> The task: Pictures stay out; please output the remaining data exactly.
--
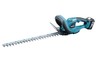 MAKITA 牧田 9.6折! - 18V籬笆剪DUH523RGE 6.0Ax2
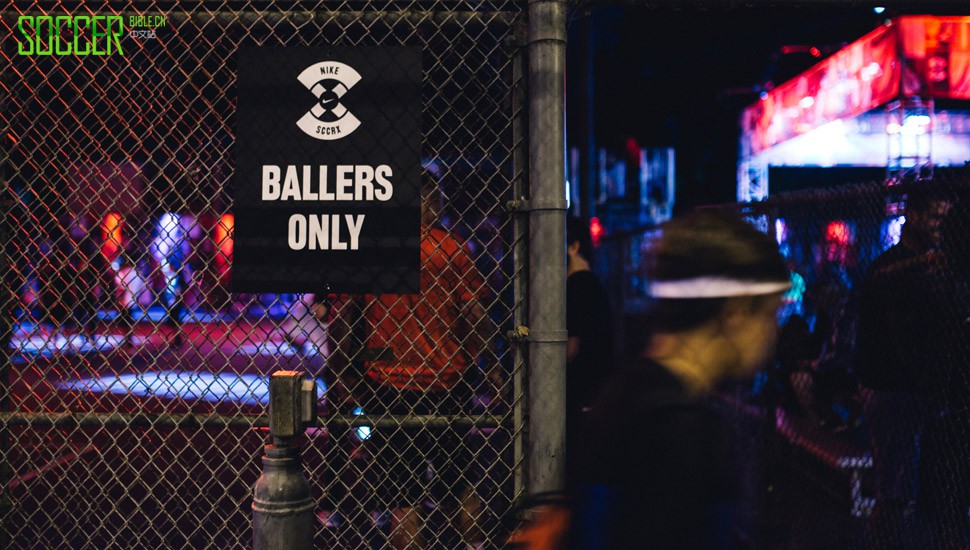 nike-football-x-hana-asano-x-soccerbible-14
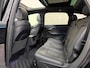 Audi Q7 50 V6 TDI 7-Persoons S-Line | 360 Camera | Trekhaak | ACC | Panorama | B&O Sound | Head-Up | Soft-Close | Matrix-LED | 4-Zone Clima | Stoelverwarming V+A | Keyless-Entry | Standkachel | Luchtvering | Tour-Pakket | Memory | Sfeerverlichting | Stuurverwarming | Autom. Parkeren | Carplay |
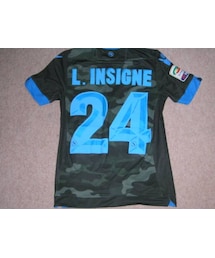 macron | トップス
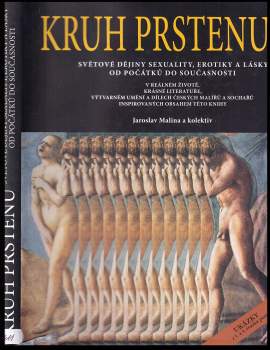 Kruh prstenu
--
> Response area:
 MAKITA 牧田 9.6折! - 18V籬笆剪DUH523RGE 6.0Ax2
 nike-football-x-hana-asano-x-soccerbible-14
 Audi Q7 50 V6 TDI 7-Persoons S-Line | 360 Camera | Trekhaak | ACC | Panorama | B&O Sound | Head-Up | Soft-Close | Matrix-LED | 4-Zone Clima | Stoelverwarming V+A | Keyless-Entry | Standkachel | Luchtvering | Tour-Pakket | Memory | Sfeerverlichting | Stuurverwarming | Autom. Parkeren | Carplay |
 macron | トップス
 Kruh prstenu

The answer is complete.